Конечно, Мережковские восприняли свои гностические идеи не из устного народного предания и не из тайных религиозных ересей внутри православия, а из книжной культуры, из вполне профессионального знакомства с историческими источниками. Никакого прямого и непрерывного, идущего сквозь культуры и столетия канала преемственности — от античных гностиков и средневековых катаров до петербургских интеллектуалов — не существовало. Им не могла быть хлыстовская традиция, в которой если и сохранились тайные следы богомильской1 или какой-либо другой средневековой ереси, то как раз интеллигенции они не были доступны. Вряд ли можно всерьез верить в то, что такого рода традиция могла быть передана через масонство, русское или же представленное отдельными оккультными визитерами. В данном случае, в источниках мистического знания не было ничего мистического. Тот же путь до Мережковских прошел Владимир Соловьев, одновременно с ними — Вячеслав Иванов и Бердяев, после них — Лосев и Бахтин. Все они были образованными людьми с характерными для своей эпохи религиозно-философскими интересами, широким кругом чтения, профессиональными навыками гуманитарной работы. Их знания гностической ереси целиком почерпнуты из европейской филологической и исторической литературы.
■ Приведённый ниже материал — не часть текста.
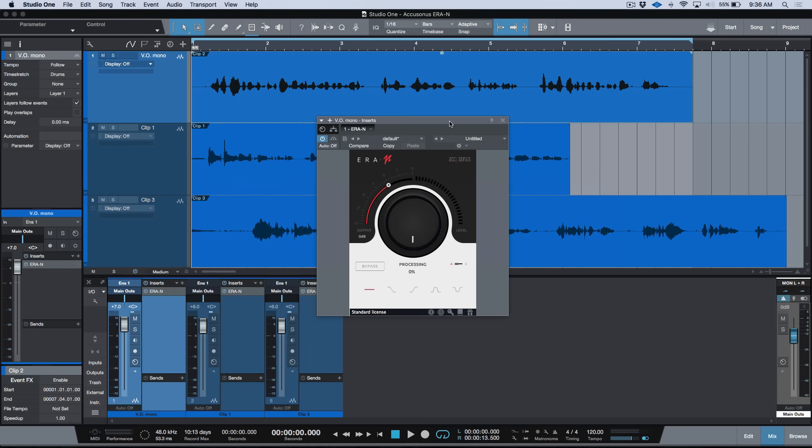What's up guys, Marcus here from Studio One Expert, and in today's video we're going to be having a quick look at the brand new ERA-N from Accusonus. ERA-N is a noise reduction plugin and quite simply, it's very easy to use in that we essentially have one knob and just a couple settings, and it allows you to get really great results really quickly.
По формуле самого Мережковского, русские декаденты — «самозародившиеся мистики». С этой его самохарактеристикой можно уверенно согласиться, добавив лишь очевидное: такое самозарождение возможно лишь в питательной среде культуры. В позднейших сочинениях — Тайне трех, Иисусе Неизвестном, Атлантиде-Европе — Мережковский проявлял необыкновенное знание религий, ересей и апокрифов; знание, конечно же, сугубо книжное. Собственное влияние Мережковского тоже было книжным, впрочем, очень немалым2.
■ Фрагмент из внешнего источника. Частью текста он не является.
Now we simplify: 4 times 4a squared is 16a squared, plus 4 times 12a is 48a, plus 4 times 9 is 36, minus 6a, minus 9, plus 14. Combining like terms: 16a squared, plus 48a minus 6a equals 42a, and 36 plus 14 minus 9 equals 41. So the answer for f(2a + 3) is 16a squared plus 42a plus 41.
В 1900-е годы интерес Мережковского и его круга к эзотерическим сюжетам мировой и российской истории был мотивирован аргументами остро современного звучания. В программной статье 1907 года Революция и религия Мережковский дает ясный самоанализ этих своих увлечений.

Искать последней отваги в последнем отчаянии, все старое кончить, чтобы начать все сызнова, как будто никого на свете нет и не было, кроме нас, да и нас, пожалуй, нет, но мы будем, будем, — таков наш вечный русский соблазн3.

Если теперь Россия — сухой лес, готовый к пожару, то русские декаденты — самые сухие и самые верхние ветки этого леса: когда ударит молния, оне вспыхнут первые, а от них весь лес4.

Каждый радикально настроенный интеллектуал верит, что именно он и его единомышленники — та самая искра, от которой возгорится пламя. Согласно Дмитрию Философову, народ в России, начиная с Разина и кончая событиями 1905 года, «бунтовал вне политики». Русский народ существует вне политической жизни и участвовать в ней не может; он весь в религии, которая и есть его, народа, политика.

Пойдите на спор православных с миссионерами (так!), на беседы братцев Иванушек, к баптистам, хлыстам, штундистам. Вот истинные политические партии народа. Вот истинно народные меньшевики, большевики, эс-эры, к.-д. Здесь настоящий народный университет1.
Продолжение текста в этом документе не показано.